Механик устроился поудобнее и закрыл глаза. Коняхину показалось, что Переплетов уснул, когда тот неожиданно спросил:

— Товарищ лейтенант, у вас в пистолете сколько патронов осталось?

— Пять. А что?

— Да так. Мало.

— А все же?

— С боем, значит, не прорвемся. Стало быть, надо тихо, ночью. Вам бы поспать не мешало. Ложитесь, а я тут покараулю.

— Не спится, Иван Митрофанович.

— Вот и мне тоже. Может, зря я на тот мост повернул?

— А куда еще мог повернуть? В трясину?

— Так-то оно так.

— Ну и нечего переживать. Все равно нас подбили бы, рано или поздно.

— Жаль только, что снаряды не все успели израсходовать. Глядишь, лишний десяток-другой фашистов укокали бы.

Так вот он о чем думает?

— Как бы самих нас теперь не укокали, — заметил Голенко.

— Боишься? — спросил механик.

— А ты сам не боишься?

— Нет, Вася. Я не первый год воюю, знаю, что на войне убивают, могут и меня убить. Не хочется, конечно, умирать. Но страху, о котором ты говоришь, нет. Обидно будет — это да. Но уж если доведется погибнуть, так лучше с музыкой.

— Это как?

— А вот прихвачу с собой несколько фашистов, в компании, глядишь, и веселее будет.

С наступлением темноты выползли из оврага и по его гребню выбрались в поле. Еще днем лейтенант высмотрел, как лучше пройти участок до ближайшей высоты. За ней должен быть спуск в лощину, а там пройти незамеченными легче.
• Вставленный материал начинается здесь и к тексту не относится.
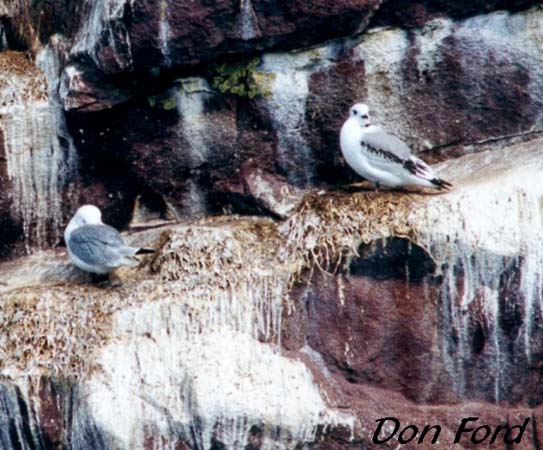 Photo (16): Black-legged Kittiwake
До высоты действительно добрались благополучно. Но, обходя ее, наткнулись на пулеметное гнездо. Хорошо, что ночь выдалась безлунная. Немцы стреляли наугад. И все же лейтенанта опять ранило в руку, остальные не пострадали. Преследовать их фашисты не стали, видимо, решили, что на гнездо наткнулась разведгруппа.

Еще несколько попыток пройти к переднему краю, предпринятых в эту ночь, также не удались. К рассвету пришлось снова возвращаться в овраг. Почему-то именно он показался им самым безопасным местом.

2

Совсем нечего было есть.

Шесть дней они наблюдали за крайней хатой. Хозяев ее, видимо, выселили, в хате разместился орудийный расчет — пять человек. На передовой было тихо, и здесь, во второй полосе обороны, немцы чувствовали себя спокойно. У орудия дежурили по двое. Один же, судя по всему — командир орудия, почти все время находился в хате. Лишь на седьмые сутки он куда-то отлучился.
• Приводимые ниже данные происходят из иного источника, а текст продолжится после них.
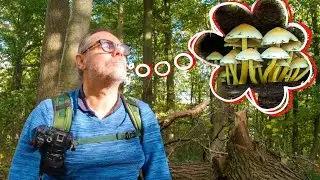 BOS- & HERFST-FOTOGRAFIE: zouden er al PADDENSTOELEN zijn???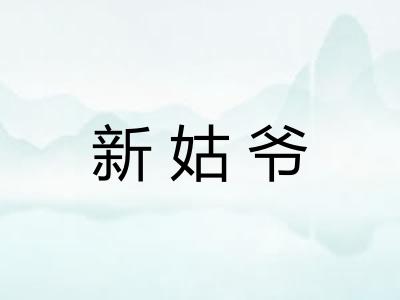 新姑爷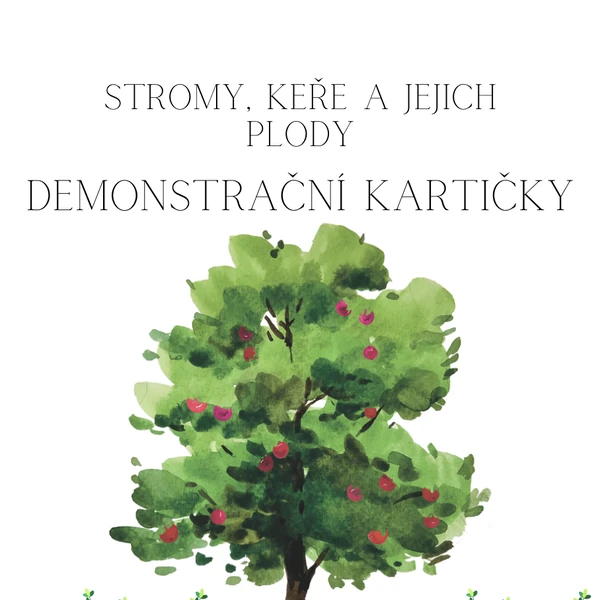 STROMY, KEŘE a jejich plody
Это был очень удобный момент. Двое пошли на пост, а двое сменяющихся еще не успели вернуться.

Коняхин и Переплетов заскочили в хату. Они точно рассчитали, что могут оставаться в хате не более трех минут. Поживились не многим: нашли в печи горшок с кашей, да на столешнице — ломоть хлеба.
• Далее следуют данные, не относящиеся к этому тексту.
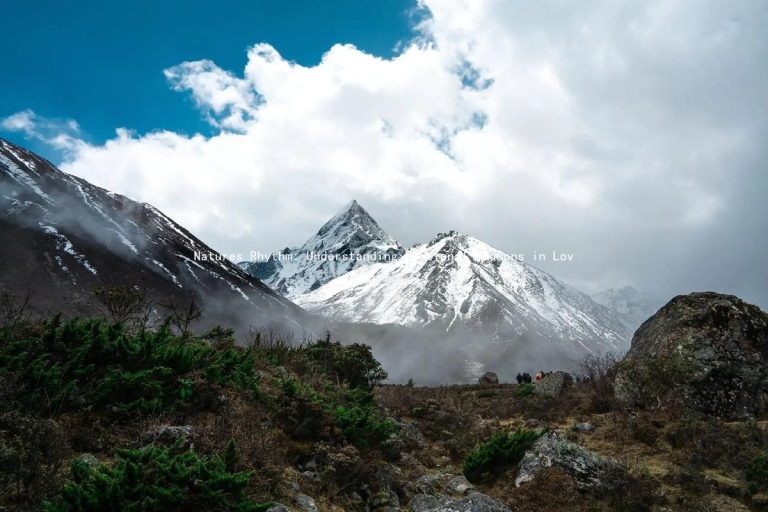 Natures Rhythm: Understanding Emotional Seasons in Love
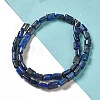 Natural Lapis Lazuli Beads Strands G-G085-A02-01-2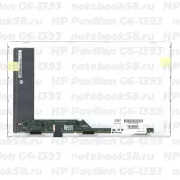 Матрица для ноутбука HP Pavilion G6-1393 (1366x768 HD) TN, 40pin, Глянцевая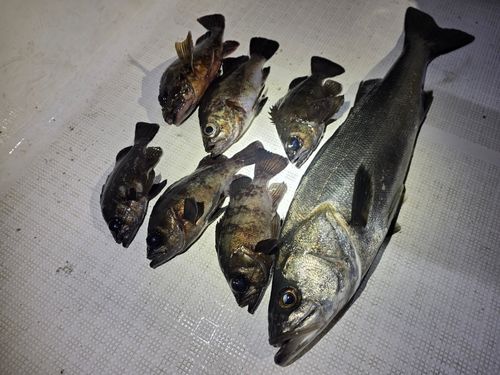 メバルの釣果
Хотели растянуть это на несколько дней, но не вытерпели — съели все сразу. На четверых, конечно, было мало, только растравили аппетит. Тем не менее настроение у всех улучшилось. Но его тут же испортил Вася Голенко:

— А горшок-то зря взяли. Хватятся — чего доброго, поднимут тревогу. Перевалить надо было кашу во что-нибудь.

— А то не хватились бы?

— Тогда они подумали бы, что все съели те двое, что ушли к орудию. А то и старший мог съесть.

— Да, история…

К счастью, все обошлось благополучно. Те двое, сменившиеся с поста, и верно, пошумели, ходили в другую хату, что-то кричали. Наверное, подумали на соседей. Неизвестно, чем все это кончилось бы, если бы не пришел старший. Он нес за спиной туго набитый рюкзак и два каравая хлеба — должно быть, получил паек на всю неделю.

— Вот если бы этот рюкзак… — мечтательно сказал Голенко. — Да еще бы табачку на закрутку.

— Посмотрим, может, и табачку достанем, — утешил его Переплетов.

Но в следующие три дня опять ничего не ели.

Впрочем, голод оказался не самым главным их врагом. Был конец октября, и по ночам подмораживало. Они ложились рядом, тесно прижимаясь друг к другу. Крайние все равно мерзли, хотя поворачивались то на один бок, то на другой, чтобы поочередно греть о соседа грудь или спину. В середине всегда лежал Яша — у него раны оказались самыми тяжелыми. А их даже нечем было перевязать.